Crawled caption data
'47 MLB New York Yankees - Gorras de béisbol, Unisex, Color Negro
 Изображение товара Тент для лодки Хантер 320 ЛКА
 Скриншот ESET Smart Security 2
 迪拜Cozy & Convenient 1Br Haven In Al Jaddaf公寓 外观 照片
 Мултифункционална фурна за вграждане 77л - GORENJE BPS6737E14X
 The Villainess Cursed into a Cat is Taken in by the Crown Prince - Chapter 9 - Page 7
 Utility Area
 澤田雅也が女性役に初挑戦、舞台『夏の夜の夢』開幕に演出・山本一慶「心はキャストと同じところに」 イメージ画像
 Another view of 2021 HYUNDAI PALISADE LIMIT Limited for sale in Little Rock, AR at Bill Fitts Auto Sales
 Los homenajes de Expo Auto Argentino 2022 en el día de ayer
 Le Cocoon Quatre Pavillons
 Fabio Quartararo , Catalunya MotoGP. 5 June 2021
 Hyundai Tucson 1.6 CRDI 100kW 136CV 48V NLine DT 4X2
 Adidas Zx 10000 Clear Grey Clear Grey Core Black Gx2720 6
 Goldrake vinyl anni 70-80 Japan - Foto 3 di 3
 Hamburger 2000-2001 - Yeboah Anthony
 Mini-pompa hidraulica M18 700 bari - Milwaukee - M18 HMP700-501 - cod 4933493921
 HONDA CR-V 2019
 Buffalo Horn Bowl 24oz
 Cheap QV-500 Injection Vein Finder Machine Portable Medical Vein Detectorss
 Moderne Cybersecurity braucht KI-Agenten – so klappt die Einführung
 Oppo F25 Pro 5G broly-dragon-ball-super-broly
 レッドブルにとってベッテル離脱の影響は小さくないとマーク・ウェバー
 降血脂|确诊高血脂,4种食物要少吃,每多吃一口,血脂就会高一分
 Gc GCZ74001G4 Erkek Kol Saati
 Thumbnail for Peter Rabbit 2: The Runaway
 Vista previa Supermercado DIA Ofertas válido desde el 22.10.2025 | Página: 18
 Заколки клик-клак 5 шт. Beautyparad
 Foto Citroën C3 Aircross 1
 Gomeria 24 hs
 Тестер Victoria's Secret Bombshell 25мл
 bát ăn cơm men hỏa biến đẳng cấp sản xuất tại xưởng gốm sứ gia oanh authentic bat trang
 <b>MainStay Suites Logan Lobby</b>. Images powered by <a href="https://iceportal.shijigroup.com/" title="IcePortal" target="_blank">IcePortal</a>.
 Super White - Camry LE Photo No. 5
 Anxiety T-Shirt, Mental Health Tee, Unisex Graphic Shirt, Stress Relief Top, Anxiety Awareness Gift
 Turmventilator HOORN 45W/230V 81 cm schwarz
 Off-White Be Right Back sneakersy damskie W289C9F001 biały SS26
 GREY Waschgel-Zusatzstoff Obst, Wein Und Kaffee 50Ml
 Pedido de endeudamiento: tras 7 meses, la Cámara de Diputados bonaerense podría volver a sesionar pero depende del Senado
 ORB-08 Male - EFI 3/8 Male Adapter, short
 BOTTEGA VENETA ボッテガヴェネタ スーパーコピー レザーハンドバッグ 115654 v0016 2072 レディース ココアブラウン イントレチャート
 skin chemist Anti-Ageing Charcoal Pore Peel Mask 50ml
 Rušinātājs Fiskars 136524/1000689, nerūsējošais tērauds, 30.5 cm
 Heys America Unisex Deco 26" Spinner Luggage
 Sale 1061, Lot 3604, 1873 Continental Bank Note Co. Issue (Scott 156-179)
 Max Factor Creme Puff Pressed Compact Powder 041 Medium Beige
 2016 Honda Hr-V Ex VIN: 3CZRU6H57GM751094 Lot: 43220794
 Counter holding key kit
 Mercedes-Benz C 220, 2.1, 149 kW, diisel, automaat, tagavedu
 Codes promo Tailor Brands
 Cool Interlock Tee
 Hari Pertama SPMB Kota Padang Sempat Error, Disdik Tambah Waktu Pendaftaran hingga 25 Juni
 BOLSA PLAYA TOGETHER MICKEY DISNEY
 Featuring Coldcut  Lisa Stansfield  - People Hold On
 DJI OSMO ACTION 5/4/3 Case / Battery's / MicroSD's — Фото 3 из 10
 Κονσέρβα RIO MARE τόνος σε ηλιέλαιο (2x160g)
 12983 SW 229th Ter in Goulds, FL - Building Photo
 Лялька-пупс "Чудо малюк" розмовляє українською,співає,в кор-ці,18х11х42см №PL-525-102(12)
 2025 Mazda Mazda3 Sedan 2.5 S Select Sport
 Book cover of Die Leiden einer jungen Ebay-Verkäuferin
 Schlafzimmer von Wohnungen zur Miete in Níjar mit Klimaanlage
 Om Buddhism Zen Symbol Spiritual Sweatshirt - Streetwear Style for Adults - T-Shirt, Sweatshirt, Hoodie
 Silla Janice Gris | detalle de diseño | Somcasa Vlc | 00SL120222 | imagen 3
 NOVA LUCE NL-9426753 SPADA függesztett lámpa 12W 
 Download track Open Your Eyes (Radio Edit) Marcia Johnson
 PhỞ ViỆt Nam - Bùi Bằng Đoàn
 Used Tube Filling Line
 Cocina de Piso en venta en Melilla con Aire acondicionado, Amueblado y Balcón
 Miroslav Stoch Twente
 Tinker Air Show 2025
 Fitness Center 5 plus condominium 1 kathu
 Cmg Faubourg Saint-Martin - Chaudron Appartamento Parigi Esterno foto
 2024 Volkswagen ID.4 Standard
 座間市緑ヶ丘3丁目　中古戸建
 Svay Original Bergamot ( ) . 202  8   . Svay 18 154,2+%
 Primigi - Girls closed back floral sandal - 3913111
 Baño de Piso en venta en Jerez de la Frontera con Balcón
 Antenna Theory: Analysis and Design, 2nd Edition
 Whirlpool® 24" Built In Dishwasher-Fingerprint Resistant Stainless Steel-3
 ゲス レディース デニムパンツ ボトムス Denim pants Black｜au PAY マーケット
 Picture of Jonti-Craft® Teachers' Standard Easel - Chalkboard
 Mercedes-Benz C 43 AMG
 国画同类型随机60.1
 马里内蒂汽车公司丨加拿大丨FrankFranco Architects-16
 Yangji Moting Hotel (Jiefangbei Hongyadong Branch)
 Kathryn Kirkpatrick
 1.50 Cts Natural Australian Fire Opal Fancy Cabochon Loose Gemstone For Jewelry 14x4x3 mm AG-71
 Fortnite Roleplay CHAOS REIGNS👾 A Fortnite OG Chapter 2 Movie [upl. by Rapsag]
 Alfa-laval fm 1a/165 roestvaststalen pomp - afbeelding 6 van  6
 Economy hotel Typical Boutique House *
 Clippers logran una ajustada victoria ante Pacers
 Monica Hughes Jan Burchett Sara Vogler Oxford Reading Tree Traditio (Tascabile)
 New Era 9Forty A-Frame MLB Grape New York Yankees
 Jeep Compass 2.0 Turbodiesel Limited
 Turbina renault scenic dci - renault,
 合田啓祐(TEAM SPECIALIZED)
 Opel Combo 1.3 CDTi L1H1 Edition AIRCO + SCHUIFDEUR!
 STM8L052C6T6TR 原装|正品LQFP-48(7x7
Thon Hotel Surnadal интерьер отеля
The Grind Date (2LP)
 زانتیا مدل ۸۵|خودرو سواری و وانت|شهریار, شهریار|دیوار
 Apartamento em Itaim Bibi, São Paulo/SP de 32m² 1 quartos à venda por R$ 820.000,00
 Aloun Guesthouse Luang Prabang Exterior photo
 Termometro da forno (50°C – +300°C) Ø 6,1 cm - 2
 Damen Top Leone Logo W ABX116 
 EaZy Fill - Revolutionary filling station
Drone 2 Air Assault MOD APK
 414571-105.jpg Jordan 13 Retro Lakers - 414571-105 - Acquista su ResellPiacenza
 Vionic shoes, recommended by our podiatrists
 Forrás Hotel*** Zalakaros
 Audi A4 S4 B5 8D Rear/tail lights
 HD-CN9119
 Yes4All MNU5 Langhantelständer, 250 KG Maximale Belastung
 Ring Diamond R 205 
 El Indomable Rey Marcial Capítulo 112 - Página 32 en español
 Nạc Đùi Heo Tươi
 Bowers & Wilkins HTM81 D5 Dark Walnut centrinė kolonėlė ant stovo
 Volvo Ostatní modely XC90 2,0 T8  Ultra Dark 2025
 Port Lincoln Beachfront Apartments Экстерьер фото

# [The task]
Take exactly the lines from the one containing "Om Buddhism Zen" through the one containing "Monica Hughes Jan" in the data above, and output them with nothing added.

# [Your solution]
 Om Buddhism Zen Symbol Spiritual Sweatshirt - Streetwear Style for Adults - T-Shirt, Sweatshirt, Hoodie
 Silla Janice Gris | detalle de diseño | Somcasa Vlc | 00SL120222 | imagen 3
 NOVA LUCE NL-9426753 SPADA függesztett lámpa 12W 
 Download track Open Your Eyes (Radio Edit) Marcia Johnson
 PhỞ ViỆt Nam - Bùi Bằng Đoàn
 Used Tube Filling Line
 Cocina de Piso en venta en Melilla con Aire acondicionado, Amueblado y Balcón
 Miroslav Stoch Twente
 Tinker Air Show 2025
 Fitness Center 5 plus condominium 1 kathu
 Cmg Faubourg Saint-Martin - Chaudron Appartamento Parigi Esterno foto
 2024 Volkswagen ID.4 Standard
 座間市緑ヶ丘3丁目　中古戸建
 Svay Original Bergamot ( ) . 202  8   . Svay 18 154,2+%
 Primigi - Girls closed back floral sandal - 3913111
 Baño de Piso en venta en Jerez de la Frontera con Balcón
 Antenna Theory: Analysis and Design, 2nd Edition
 Whirlpool® 24" Built In Dishwasher-Fingerprint Resistant Stainless Steel-3
 ゲス レディース デニムパンツ ボトムス Denim pants Black｜au PAY マーケット
 Picture of Jonti-Craft® Teachers' Standard Easel - Chalkboard
 Mercedes-Benz C 43 AMG
 国画同类型随机60.1
 马里内蒂汽车公司丨加拿大丨FrankFranco Architects-16
 Yangji Moting Hotel (Jiefangbei Hongyadong Branch)
 Kathryn Kirkpatrick
 1.50 Cts Natural Australian Fire Opal Fancy Cabochon Loose Gemstone For Jewelry 14x4x3 mm AG-71
 Fortnite Roleplay CHAOS REIGNS👾 A Fortnite OG Chapter 2 Movie [upl. by Rapsag]
 Alfa-laval fm 1a/165 roestvaststalen pomp - afbeelding 6 van  6
 Economy hotel Typical Boutique House *
 Clippers logran una ajustada victoria ante Pacers
 Monica Hughes Jan Burchett Sara Vogler Oxford Reading Tree Traditio (Tascabile)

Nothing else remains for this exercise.